Pies always impress and excite. They offer an element of surprise, rather like opening a present. This potato pastry is a good way to use up leftover mashed potato, and it is also delicious.


  • 675 g/ lb lamb fillets
  • 1 large red pepper
  • 175 g/6 oz chestnut mushrooms
  • 2 large cloves garlic
  • 15 g/½ oz butter
  • 2 tablespoons olive oil
  • 3 teaspoons paprika
  • 2 rounded tablespoons plain flour
  • 300 ml/½ pint milk
  • 300 ml/½ pint soured cream
  • 2 rounded teaspoons whole grain mustard
  • 1 rounded teaspoon caster sugar
  • 3-4 pinches cayenne pepper
  • salt

For the pastry

  • 100 g/4 oz plain flour
  • 1 teaspoon baking powder
  • good pinch of salt
  • 100 g/4 oz cold butter
  • 175 g/6 oz cold mashed potato
  • a little milk for brushing


Preheat the oven to 150°C/300°F/gas mark 2. Slice the lamb fillets across at 1.25 cm/½ in intervals. Halve the pepper, discard the seeds and stem and chop the flesh very small. Halve the mushrooms. Peel the garlic and chop finely.

Melt the butter and oil in a heatproof casserole over a medium heat. Add the paprika and stir for 1 minute, then add the chopped pepper, garlic, mushrooms and lamb. Using a wooden spoon, stir to coat them with oil, then remove from the heat and stir in the flour. Gradually add the milk and soured cream, then stir in the mustard and sugar. Add a sprinkling of salt and stir until smooth. Put the casserole back on top of the stove and bring to the boil, stirring all the time as the liquid thickens. When bubbling, cover and transfer to the centre of the oven. Cook for 1½ hours or until the lamb is tender, then add cayenne pepper to taste and more salt if necessary.
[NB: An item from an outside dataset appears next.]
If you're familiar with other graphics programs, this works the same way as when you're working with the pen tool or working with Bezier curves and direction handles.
Turn the mixture into a pie plate, deep flan dish or gratin dish, filling it almost to the top, and leave until cold.

Meanwhile, make the pastry. Sift the flour, baking powder and salt into a bowl. Cut the butter into small pieces and rub it into the flour until the mixture resembles breadcrumbs. Work in the mashed potato by hand and knead slightly until you have a smooth dough. Form it into a ball, wrap in cling film and leave in the fridge for 30 minutes.
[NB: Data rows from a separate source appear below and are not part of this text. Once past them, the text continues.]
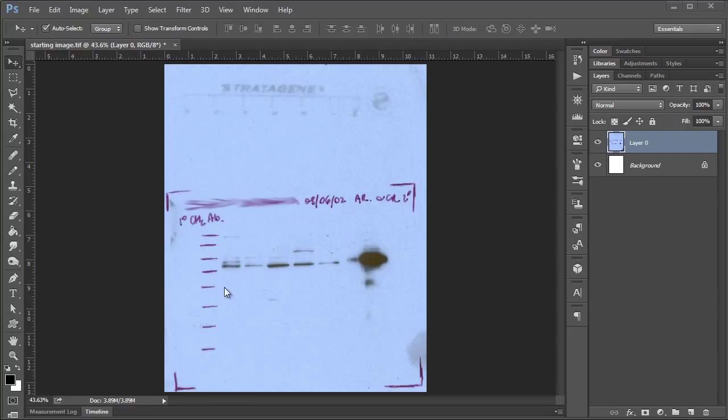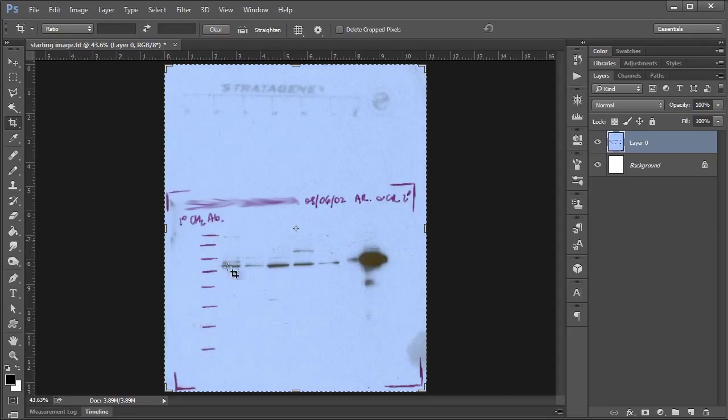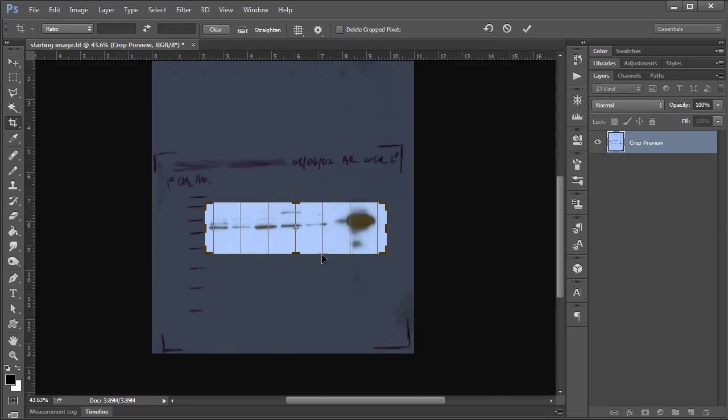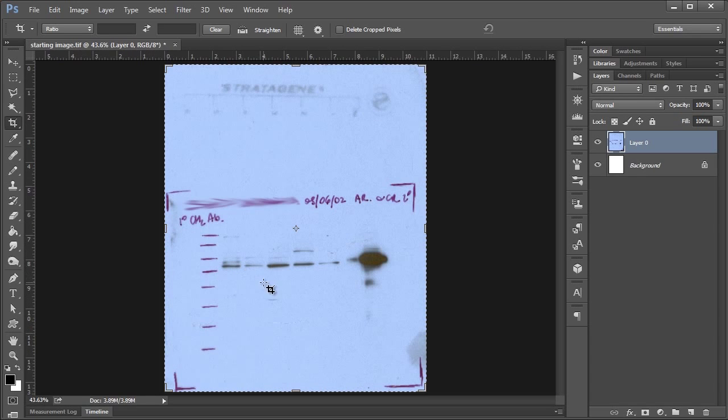To show you what I mean, if you're like me, or at least the same way that I was when I started using Photoshop, if I had an image, in this case just a scan of a Western blot here, and I wanted to get rid of all this extra junk and just wanted to keep my bands, what you may be tempted to do is use the crop tool to crop out the area that you're interested in, which I'm just going to exit out of that because I don't want to do that.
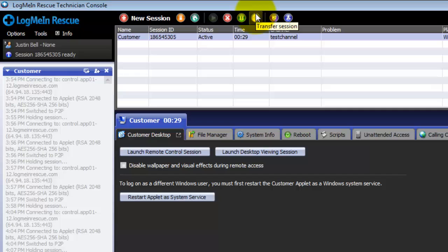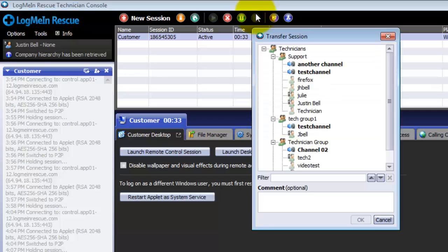The transfer button allows technicians to transfer a session to another technician or to a channel.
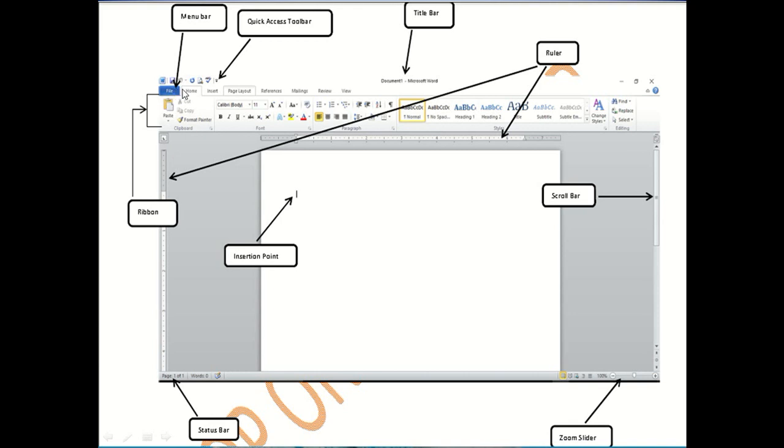The menu items include File, Find, Home, Insert, Layout, References, Mailings, Review, and View. All of these are available in the menu bar.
Preheat the oven to 190°C/375°F/gas mark 5. Roll out the pastry on a floured board into a piece large enough to cover the dish of lamb. Moisten the edges of the dish. Roll the pastry back over the rolling pin and out again on to the dish. Trim the edges and make indentations round them with the back of the knife. Roll the trimmings out to make decorations for the top of the pie. Brush the pastry with milk and cook in the centre of the oven for 25-35 minutes, until golden brown.